Histological examination of the cutaneous lesions is not necessary. This diagnostic contribution is modest. Radiological investigation of skeletal abnormalities should be systematic because they may not be detected by clinical examination. The rest of the biological and radiological explorations are guided by data from the anamnesis and clinical examination.
Treatment / Management
The management of congenital poikiloderma requires a long-term follow-up and is made by an interprofessional team, including a dermatologist, an ophthalmologist, an oncologist, and an orthopedic surgeon.

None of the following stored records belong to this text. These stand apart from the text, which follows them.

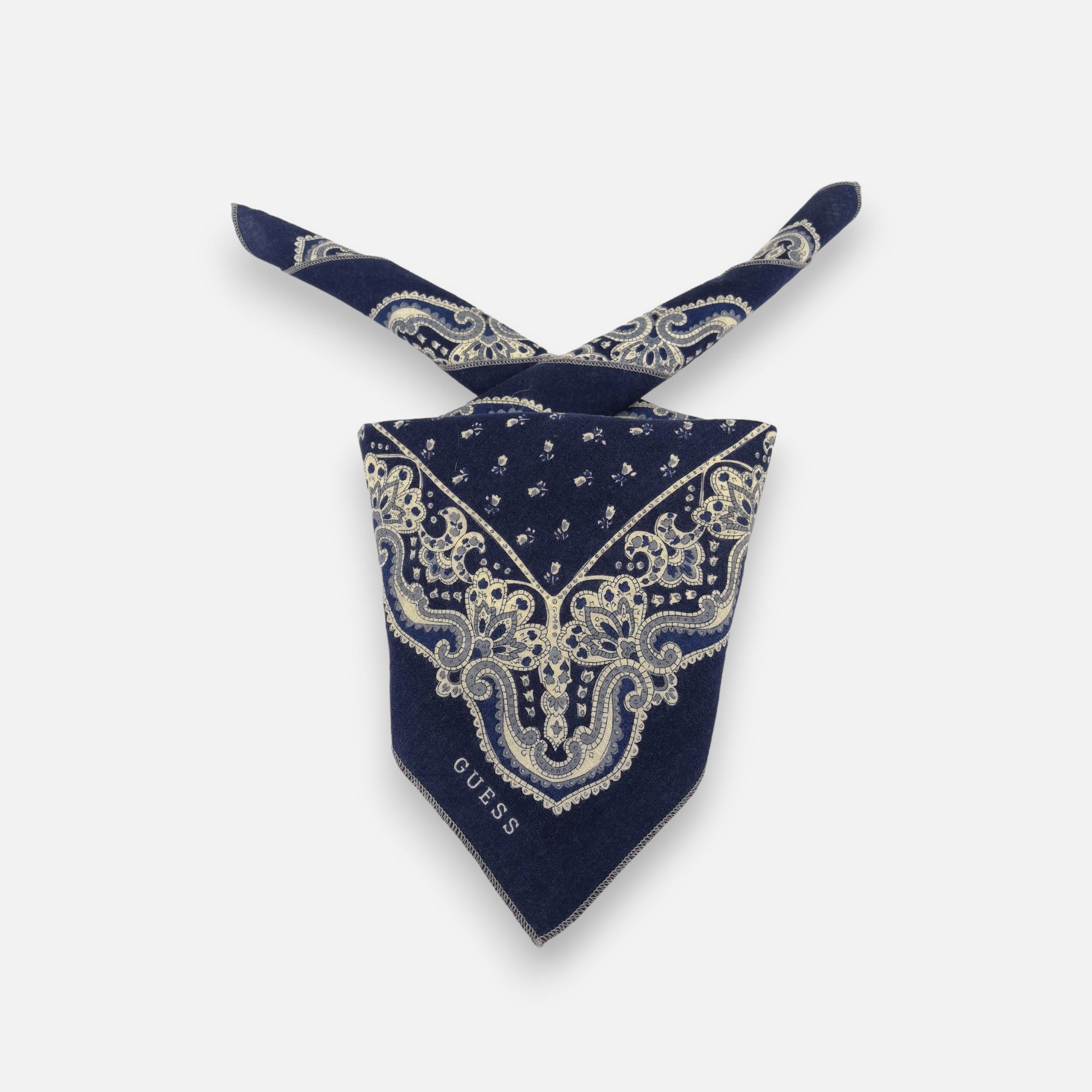 Guess × Vintage Vintage Guess Handkerchief Pocket Square Bandana Size ONE SIZE - 1 Thumbnail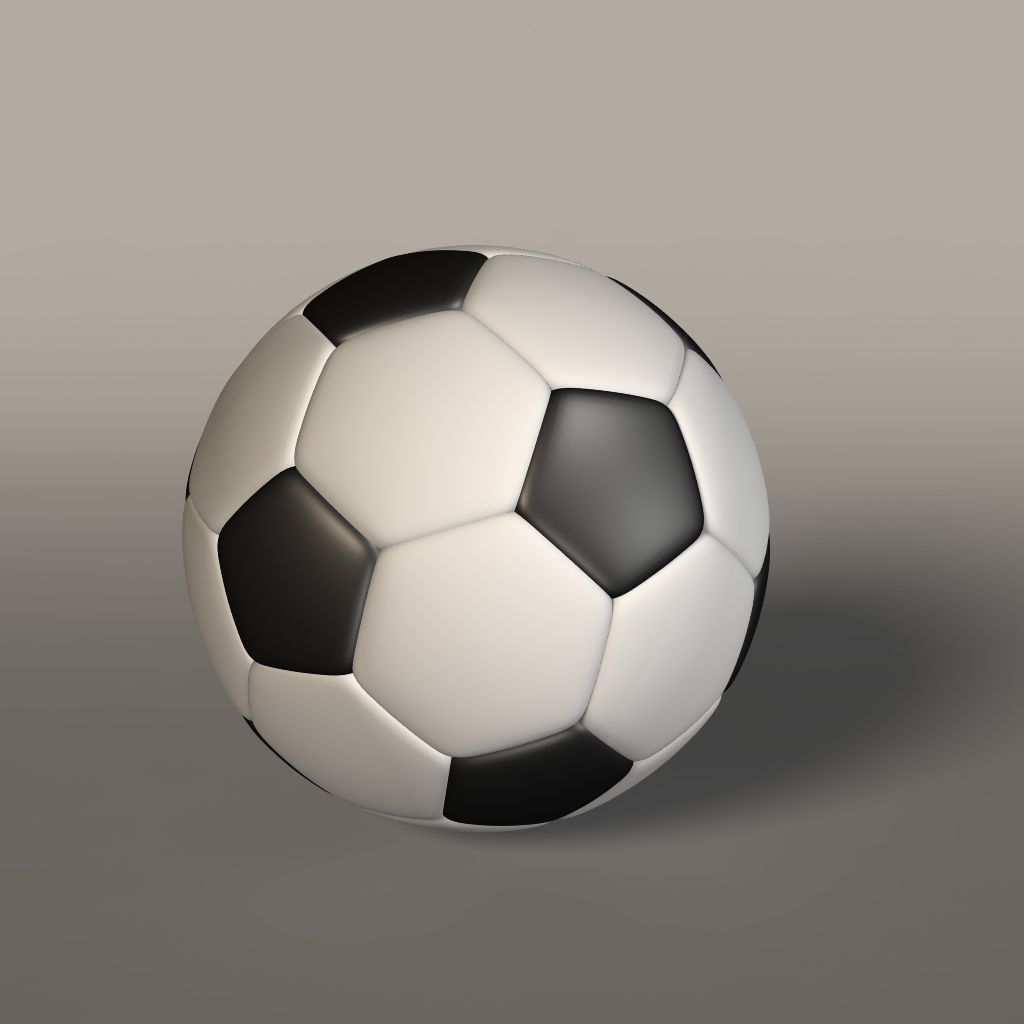 Palla da calcio 3d model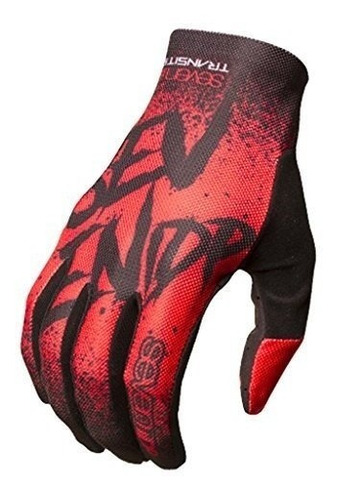 7idp Transition Glove Gradient Red / Black -talla L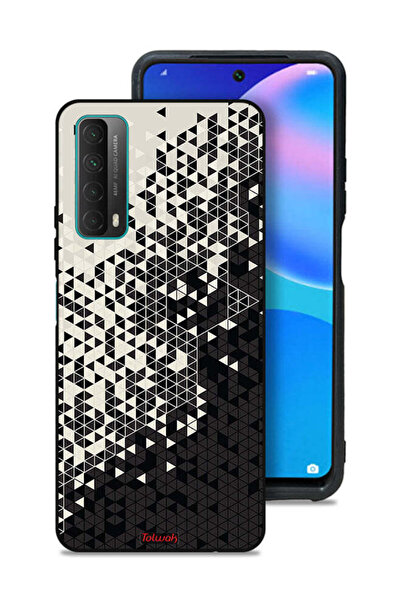 Tolwak غطاء حماية لهاتف هواوي Y7a بنمط مثلث فني رقمي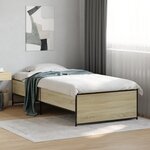 vidaXL Cadre de lit sans matelas chêne sonoma 90x190 cm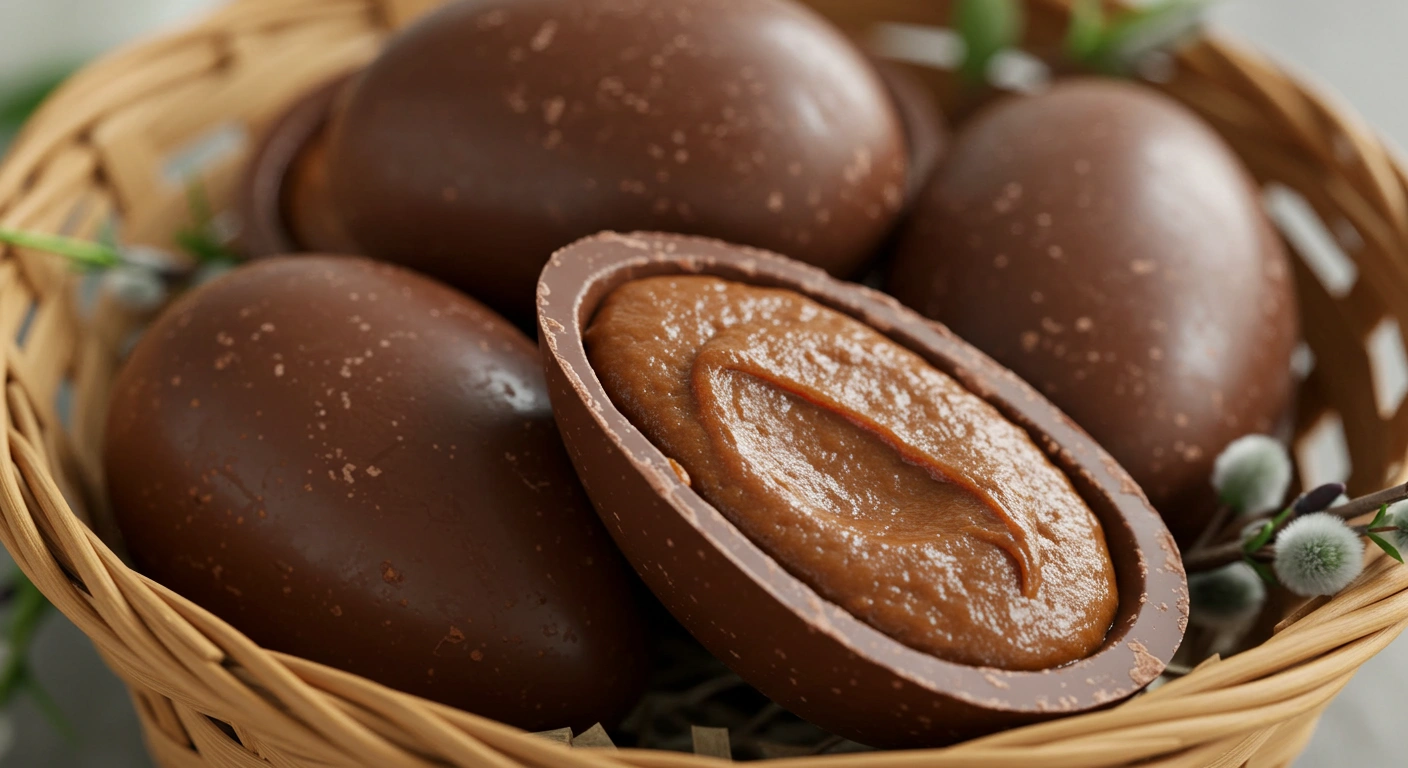 Fudge Filled Easter Eggs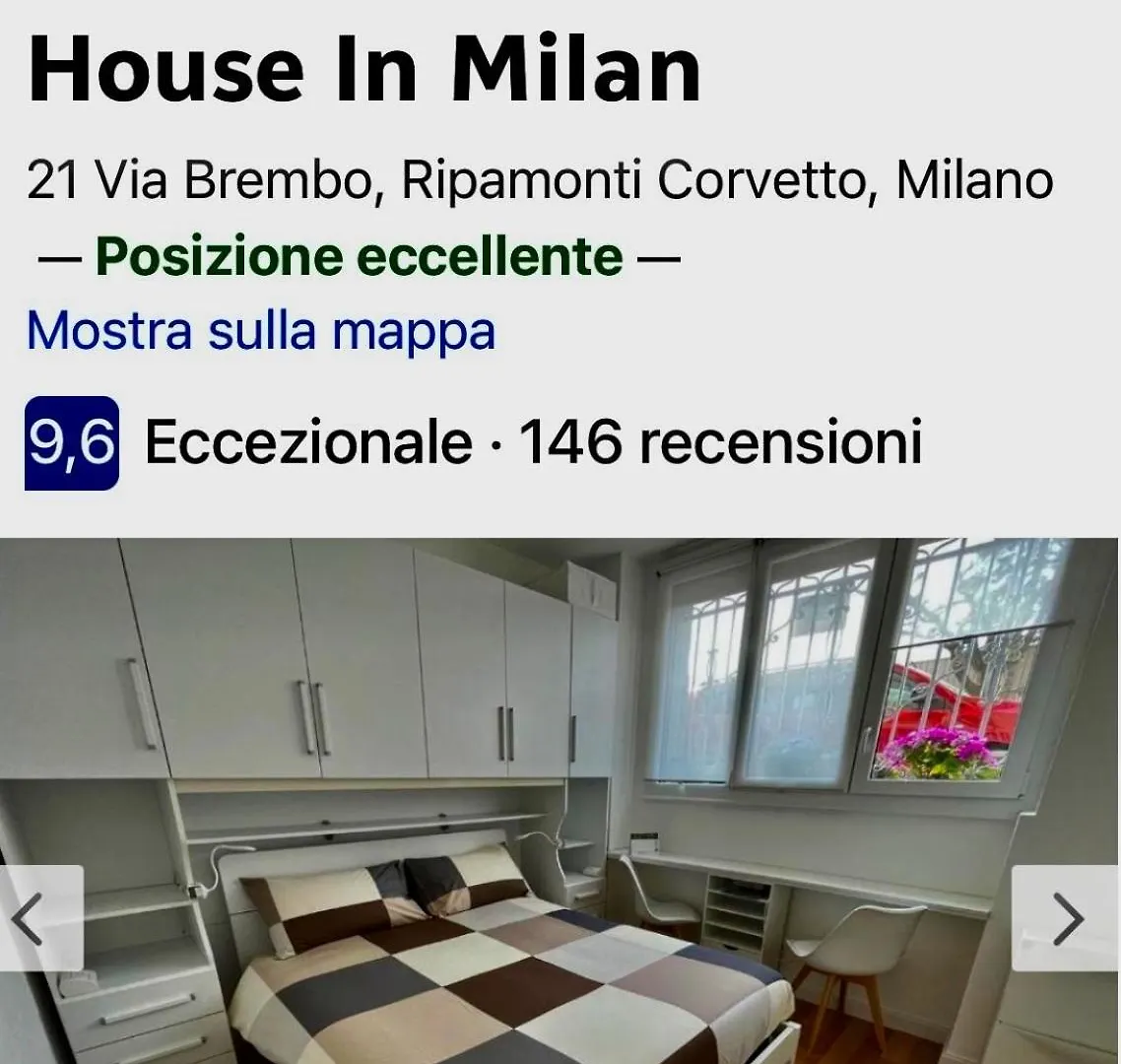 The Small White House In Milán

The surveillance is done at least twice a year, looking for skin changes, a cataract, a bone tumor.
The treatment of skin manifestations must be preventive, by effective, external photoprotection, including clothes with long sleeves and the application of the sunscreens with a high protection index and the adoption of a healthy behavior avoiding the maximum sun exposure. The telangiectasias already showing can be treated by the pulsed dye laser. Cataract treatment is surgical. The orthopedic surgeon and the oncologist should discuss and manage bone tumors. Other abnormalities that can be seen in the Rothmund-Thomson syndrome, namely stomatological and respiratory abnormalities, require specialized and early management.
The diagnosis of congenital poikiloderma is not always obvious. Some genodermatoses may have a fairly similar clinical presentation with a poikiloderma. The differential diagnosis includes:
Bloom syndrome (AR)
Werner syndrome (AR)
Xeroderma pigmentosum (AR)
Fanconi anemia (AR)
The prognosis is variable. Life expectancy is normal if there is no cancer; whereas, the evolution of patients with malignant diseases depends on the quality and frequency of cancer screening and treatment.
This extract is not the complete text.